Basic Event Sourcing in Clojure

2017-07-17

Today I am going to talk about basic event sourcing without all the buzz and fuzz. You don’t need Kafka, opaque containers, external providers, and/or a fancy distributed, fault-tolerant cluster setup to do it.

In Clojure and Clojurescript, it’s very commmon to store app state in a single atom. What do you do when you want persistence? The default is to start integrating with some SQL database. This requires additional software, you have to setup schemas and the data model works is different from the native Clojure one.

What else can you do? For things that run on a single server, we can use files. Files are great and are generally underestimated. Hacker News runs on files, for example. One approach is to persist the entire atom to file whenever we change it. It might look something like this:

Basic atom db persistence

;; initial db
(def db (atom {"foo@bar.com" {:cookies 1}}))

;; update db
(swap! db #(assoc-in % ["foo@bar.com" :cookies] 5))

;; persist db to file
(spit "app.db" (prn-str @db))

We would probably want to do the swap! and spit in some form of transaction function. We can verify that the db has been persisted correctly:

$ cat app.db
{"foo@bar.com" {:cookies 5}}

On startup we simply run something like:

;; load db into memory
(reset! db (read-string (slurp "app.db")))
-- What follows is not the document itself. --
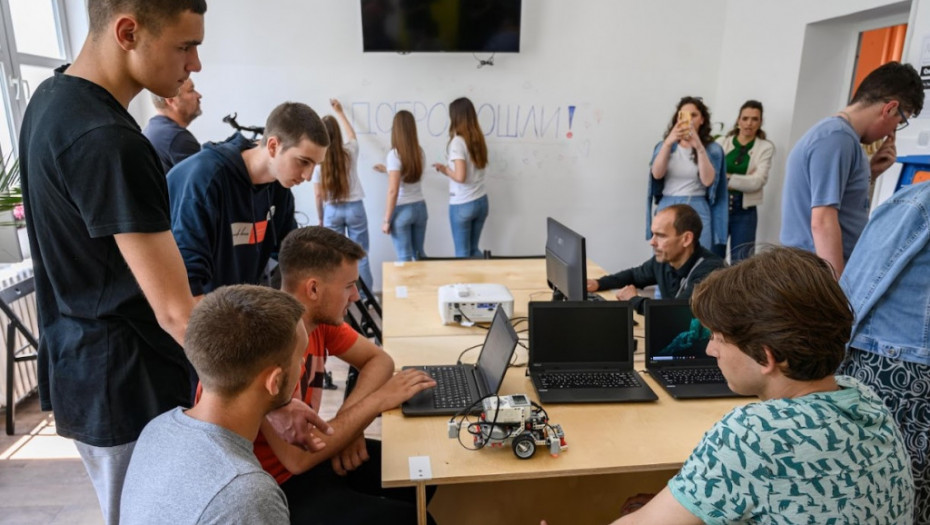 Učionica budućnosti stigla u Knjaževac: Majkers lab u Tehničkoj školi, mesto gde učenici i nastavnici zajedno istražuju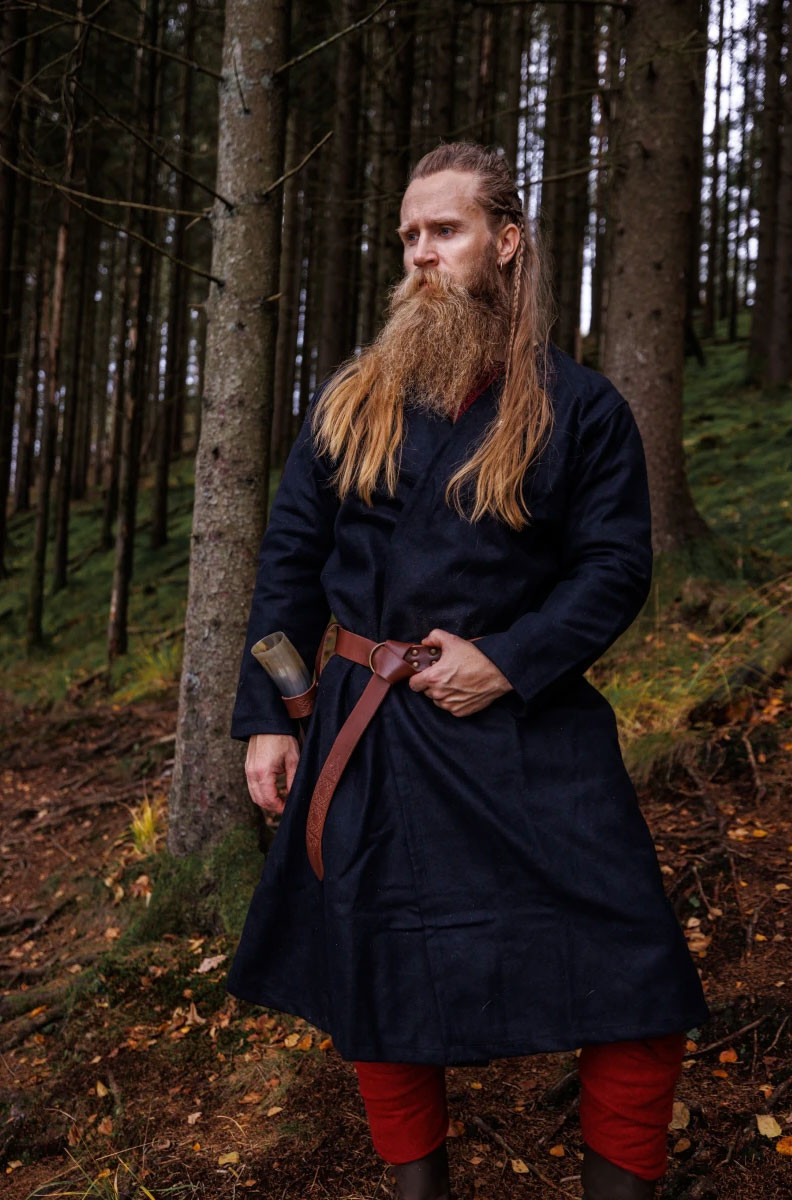 Open Viking tunic in wool Balder model, black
One thing that is missing so far is atomicity, ensuring that the file doesn’t get corrupted. We can solve this by writing to a temporary file and then renaming it once we know the data is on disk. See Brandon Bloom’s post Slurp and Spit.

Event sourcing

Event sourcing simply means that the source of truth consists of a series of events. We apply these events using some function that creates an aggregate view of what we are interested in. In Clojure code:

;; two events
(def e0 [:add-cookie {:email "foo@bar.com" :cookies 1}])
(def e1 [:add-cookie {:email "foo@bar.com" :cookies 5}])

;; state transition for adding cookies
(defn add-cookie [state {:keys [email cookies]}]
  (assoc-in state [email :cookies] cookies))
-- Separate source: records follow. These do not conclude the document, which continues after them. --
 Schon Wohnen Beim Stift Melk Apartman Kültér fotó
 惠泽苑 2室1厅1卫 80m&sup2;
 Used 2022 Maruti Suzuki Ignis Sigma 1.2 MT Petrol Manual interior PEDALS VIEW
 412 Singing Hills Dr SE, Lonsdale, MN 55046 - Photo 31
;; how we do state transitions, f: s0 => s1
(defn next-state [state [type data]]
  (cond
    (= type :add-cookie) (add-cookie state data)
    :else                 state))

;; update in-memory db as events happen
(swap! db #(next-state % e0))

;; also persist events to disk
(spit "events.db" (prn-str e0) :append true)
(spit "events.db" (prn-str e1) :append true)

;; on startup, load and aggregate events into in-memory db
(reset! db (reduce next-state {} [e0 e1]))
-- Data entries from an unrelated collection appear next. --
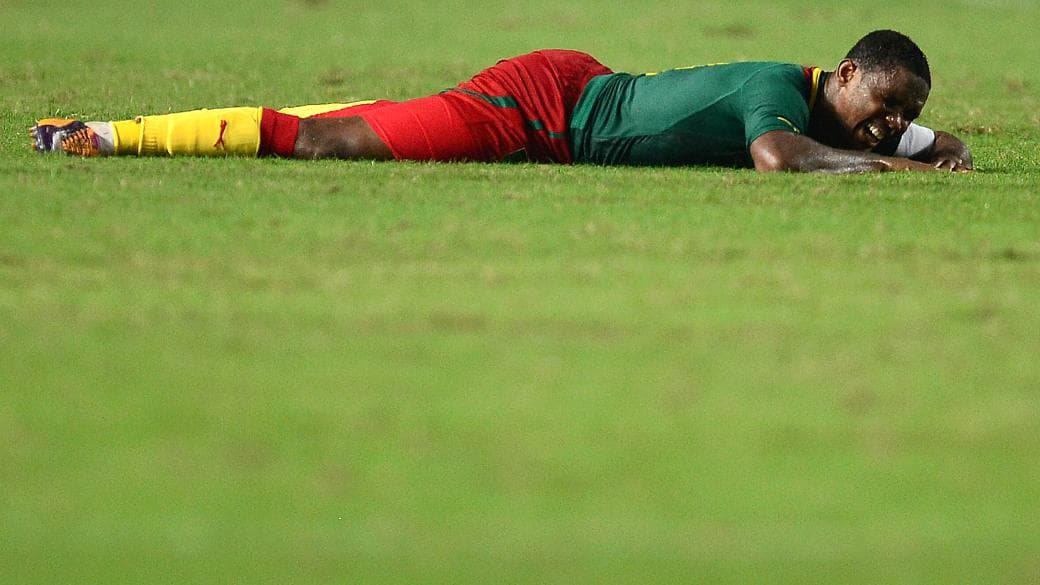 Eto'o sente dores no joelho e pode não atuar mais na Copa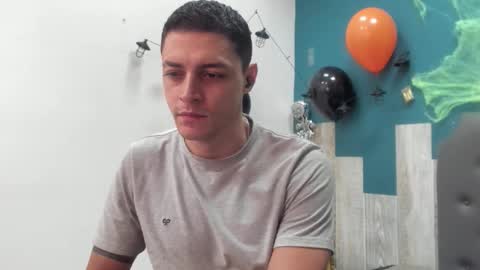 Snapshot of frank_millers chatting on 10.28.25 Frank online show from 10.28.25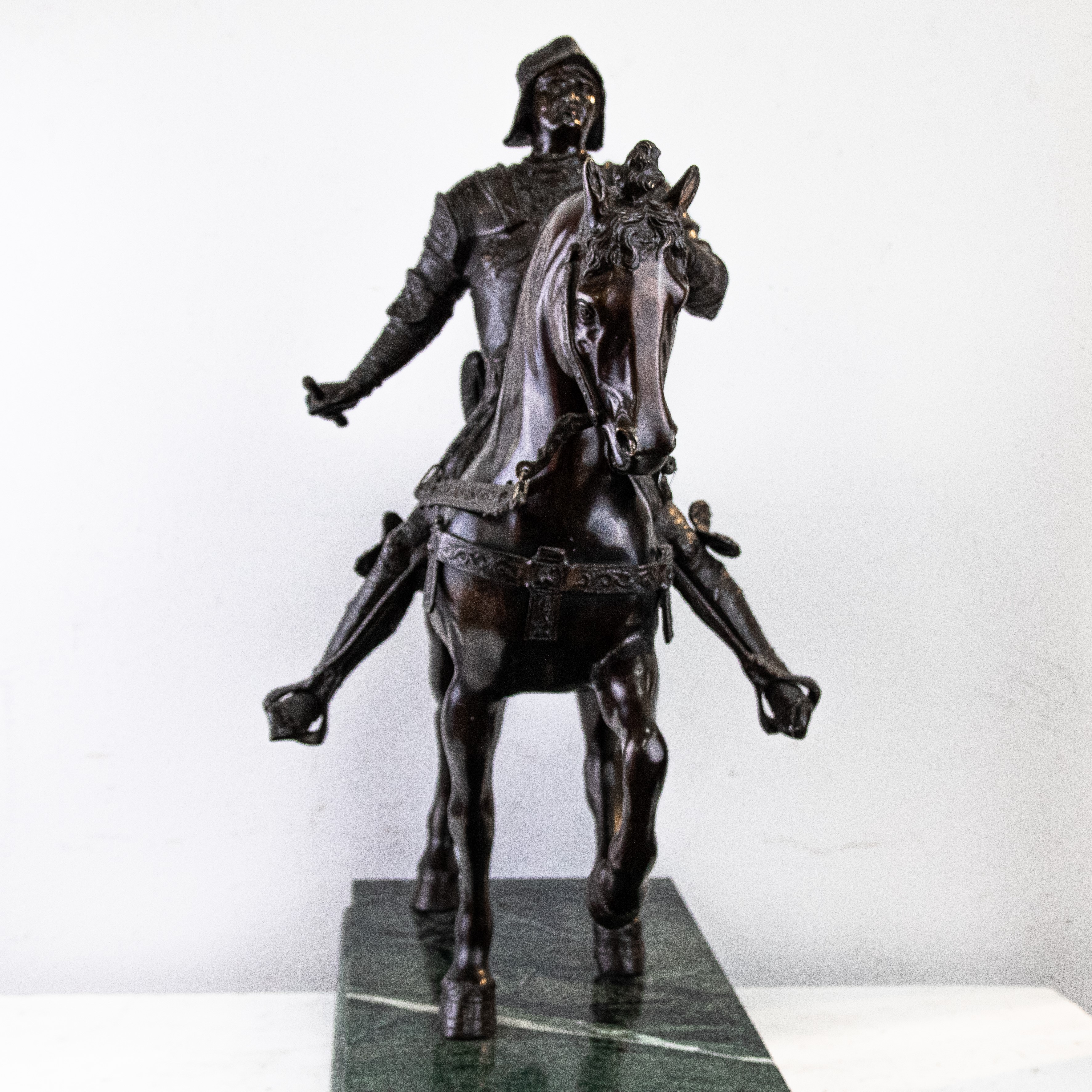 Statua Equestre di Bartolomeo Colleoni in Bronzo con Base in Marmo. Secolo XIX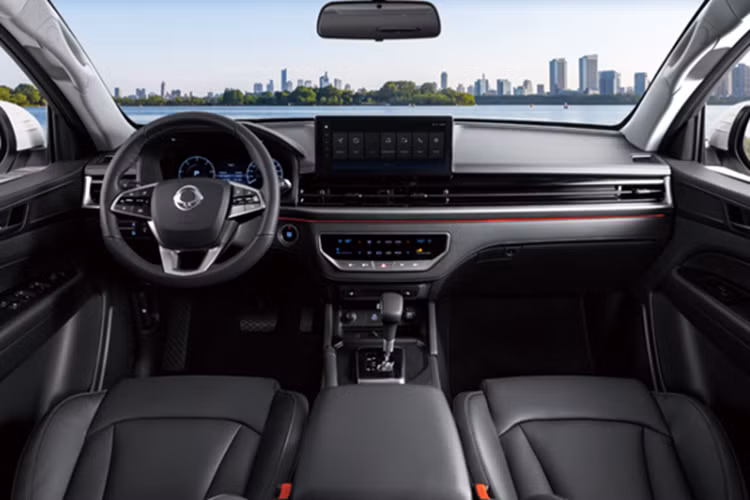 Nói về triết lý thiết kế của Musso EV, một lãnh đạo của KGM nhận định "Musso EV áp dụng thiết kế đơn giản và gọn gàng cho các chi tiết như đèn và lưới tản nhiệt để phù hợp với hình ảnh của một chiếc xe điện, đồng thời vẫn giữ được thân xe chắc chắn đặc trưng của xe bán tải”.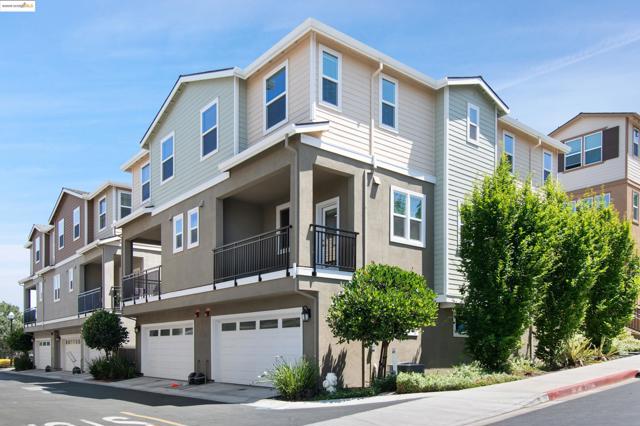 701 Tierney Pl, Martinez CA: https://media.crmls.org/mediaz/5da9b74a-d325-44f6-a633-8e24062fbc04.jpg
We can now easily see the history of a user’s cookie count using grep:

$ cat events.db | grep foo@bar.com
[:add-cookie {:email "foo@bar.com", :cookies 1}]
[:add-cookie {:email "foo@bar.com", :cookies 5}]

This information would’ve been lost if we just kept mutating the database. Another feature this enables is is that we can change our schema easily. Let’s say we want to put all the user data in a :users key. All we have to do is change add-cookie:

(defn add-cookie [state {:keys [email cookies]}]
  (assoc-in state [:users email :cookies] cookies))

and re-build our aggregate state. We don’t risk losing any data because we never touch our real source of truth, events. In fact, you can have multiple aggregate states for multiple purposes, if you so wish.

Trade-offs

On the other hand, you get something quick to work with, you keep the entire history, you don’t need additional integrations, you can easily grep your data, and it’s very flexible.